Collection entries

※ ※ ※

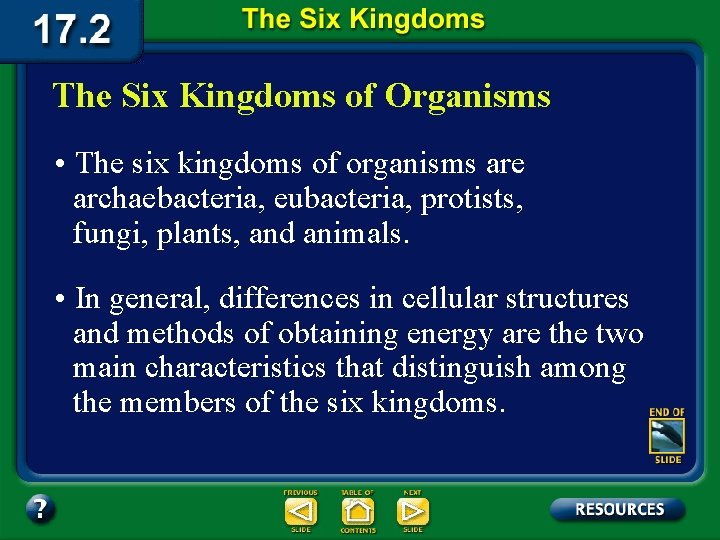 The Six Kingdoms of Organisms • The six kingdoms of organisms are archaebacteria, eubacteria,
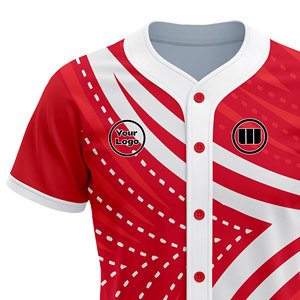 Custom Team Baseball Jersey 100% Polyester Breathable <b>Mesh</b> Anti-Bacterial Quick Dry V-neck OEM ODM Sportswear Supplier - Product Image 4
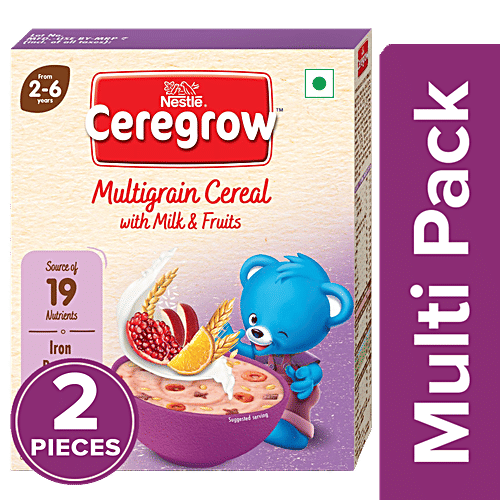 Nestle Ceregrow Multigrain Cereal With Milk Fruits Iron, Protein,  Calcium, 19 Nutrients, From 2-6 Years, 2x300 g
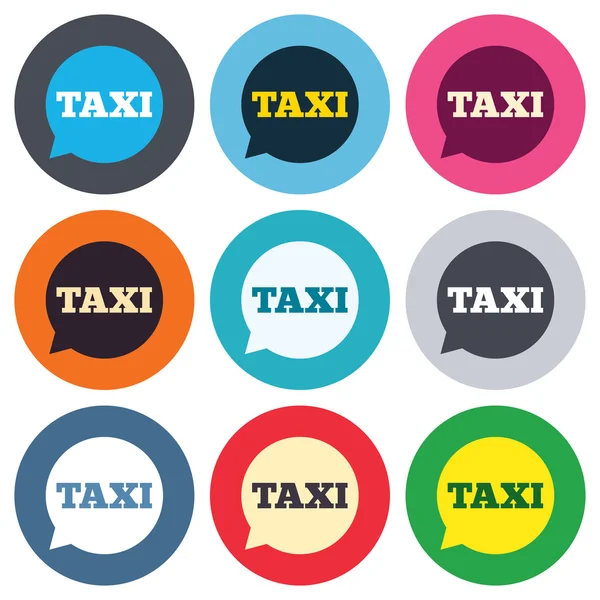 Señales de burbuja de voz de taxi — Archivo Imágenes Vectoriales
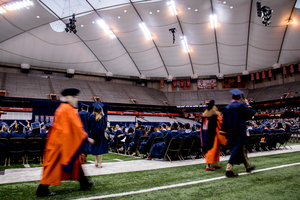 Commencement 2017 was held in the Carrier Dome. SU is currently planning for an in-person Commencement while also preparing a virtual event if coronavirus-related restrictions remain in place.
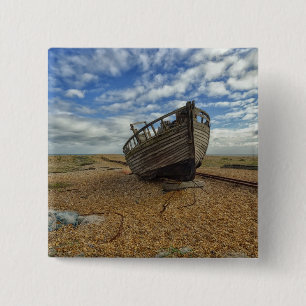 Bóton Quadrado 5.08cm Barco de pesca de madeira abandonado   Dungeness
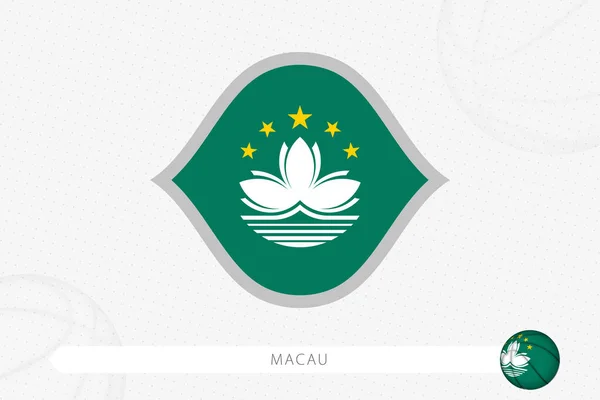 Bandera Macao Para Competición Baloncesto Sobre Fondo Gris Baloncesto — Archivo Imágenes Vectoriales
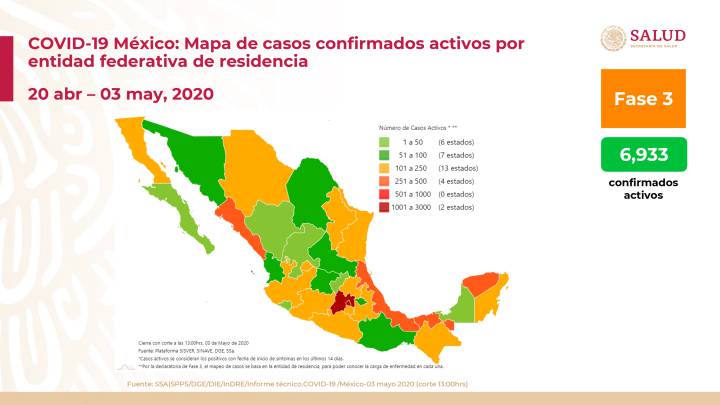 Mapa y casos de coronavirus en México por estados hoy 4 de mayo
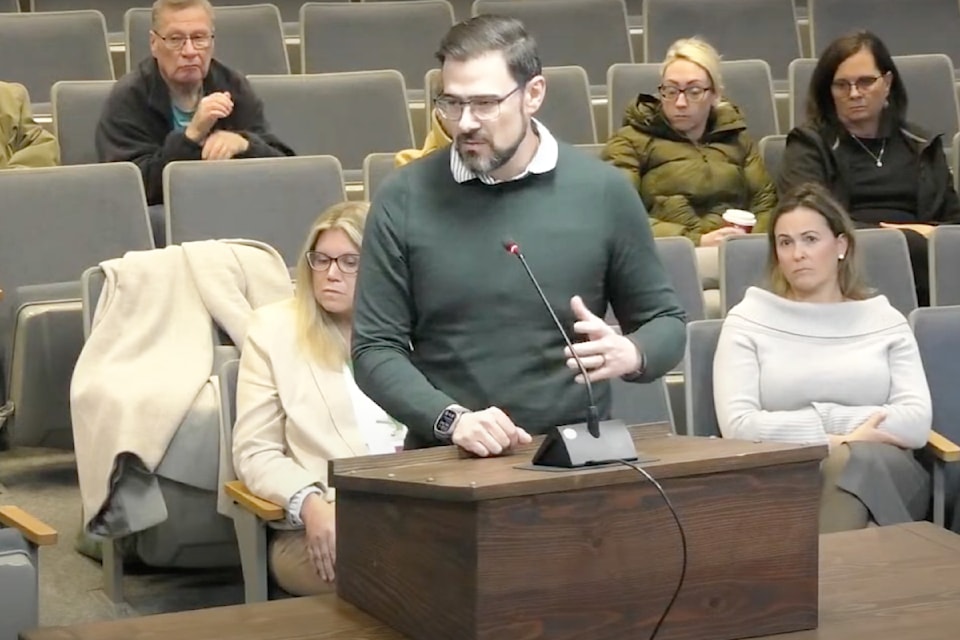 Dr. Jacques Neuhoff, front, centre, and Jill Zirnhelt, front right, present numbers to Williams Lake city council of patients still seeking a primary health care provider.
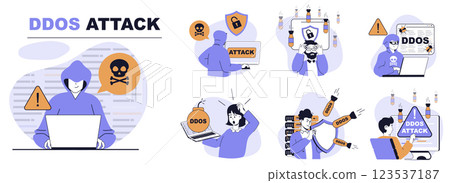 DDoS attack concept set in flat web design. People in isolated scenes suffering from danger overload network traffic and trying protection form hacker digital bombs and viruses. Vector illustrations. 123537187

※ ※ ※

Task description:
Copy out the records exactly; the pictures stay behind.

Answer area:
 The Six Kingdoms of Organisms • The six kingdoms of organisms are archaebacteria, eubacteria,
 Custom Team Baseball Jersey 100% Polyester Breathable <b>Mesh</b> Anti-Bacterial Quick Dry V-neck OEM ODM Sportswear Supplier - Product Image 4
 Nestle Ceregrow Multigrain Cereal With Milk Fruits Iron, Protein,  Calcium, 19 Nutrients, From 2-6 Years, 2x300 g
 Señales de burbuja de voz de taxi — Archivo Imágenes Vectoriales
 Commencement 2017 was held in the Carrier Dome. SU is currently planning for an in-person Commencement while also preparing a virtual event if coronavirus-related restrictions remain in place.
 Bóton Quadrado 5.08cm Barco de pesca de madeira abandonado   Dungeness
 Bandera Macao Para Competición Baloncesto Sobre Fondo Gris Baloncesto — Archivo Imágenes Vectoriales
 Mapa y casos de coronavirus en México por estados hoy 4 de mayo
 Dr. Jacques Neuhoff, front, centre, and Jill Zirnhelt, front right, present numbers to Williams Lake city council of patients still seeking a primary health care provider.
 DDoS attack concept set in flat web design. People in isolated scenes suffering from danger overload network traffic and trying protection form hacker digital bombs and viruses. Vector illustrations. 123537187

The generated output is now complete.